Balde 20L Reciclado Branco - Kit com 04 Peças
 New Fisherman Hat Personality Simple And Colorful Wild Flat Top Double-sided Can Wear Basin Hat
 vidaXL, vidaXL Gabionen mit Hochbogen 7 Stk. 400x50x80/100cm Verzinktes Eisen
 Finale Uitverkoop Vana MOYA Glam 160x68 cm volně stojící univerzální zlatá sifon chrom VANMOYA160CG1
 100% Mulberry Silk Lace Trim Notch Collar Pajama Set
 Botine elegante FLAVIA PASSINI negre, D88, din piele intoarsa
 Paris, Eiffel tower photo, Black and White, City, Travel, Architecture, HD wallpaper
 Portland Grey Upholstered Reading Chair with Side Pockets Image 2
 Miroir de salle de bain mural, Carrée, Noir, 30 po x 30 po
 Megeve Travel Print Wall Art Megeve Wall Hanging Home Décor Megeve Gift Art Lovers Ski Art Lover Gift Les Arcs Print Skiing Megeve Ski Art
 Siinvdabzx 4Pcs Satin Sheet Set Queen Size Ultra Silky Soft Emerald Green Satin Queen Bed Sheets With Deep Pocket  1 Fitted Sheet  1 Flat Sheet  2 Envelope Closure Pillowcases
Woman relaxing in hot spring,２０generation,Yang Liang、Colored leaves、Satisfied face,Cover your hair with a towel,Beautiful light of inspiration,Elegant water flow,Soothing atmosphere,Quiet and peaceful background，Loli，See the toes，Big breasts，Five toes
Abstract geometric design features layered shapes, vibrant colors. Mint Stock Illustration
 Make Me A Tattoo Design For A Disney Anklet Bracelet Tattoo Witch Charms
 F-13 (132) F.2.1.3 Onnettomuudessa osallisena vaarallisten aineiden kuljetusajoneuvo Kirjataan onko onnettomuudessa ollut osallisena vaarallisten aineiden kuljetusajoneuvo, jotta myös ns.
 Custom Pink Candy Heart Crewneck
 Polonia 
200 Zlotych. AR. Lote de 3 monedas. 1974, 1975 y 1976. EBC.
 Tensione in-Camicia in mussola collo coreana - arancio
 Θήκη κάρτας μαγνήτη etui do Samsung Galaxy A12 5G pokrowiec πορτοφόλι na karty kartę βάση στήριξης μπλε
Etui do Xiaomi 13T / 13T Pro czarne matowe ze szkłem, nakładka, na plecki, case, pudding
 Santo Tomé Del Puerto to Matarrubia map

· · · ·

• [EXERCISE AIM] A faithful copy of the lines from the line containing "Custom Pink Candy Heart Crewneck" to the end of the data should be set down, both ends included, and nothing more.

• [RESPONSE]
 Custom Pink Candy Heart Crewneck
 Polonia 
200 Zlotych. AR. Lote de 3 monedas. 1974, 1975 y 1976. EBC.
 Tensione in-Camicia in mussola collo coreana - arancio
 Θήκη κάρτας μαγνήτη etui do Samsung Galaxy A12 5G pokrowiec πορτοφόλι na karty kartę βάση στήριξης μπλε
Etui do Xiaomi 13T / 13T Pro czarne matowe ze szkłem, nakładka, na plecki, case, pudding
 Santo Tomé Del Puerto to Matarrubia map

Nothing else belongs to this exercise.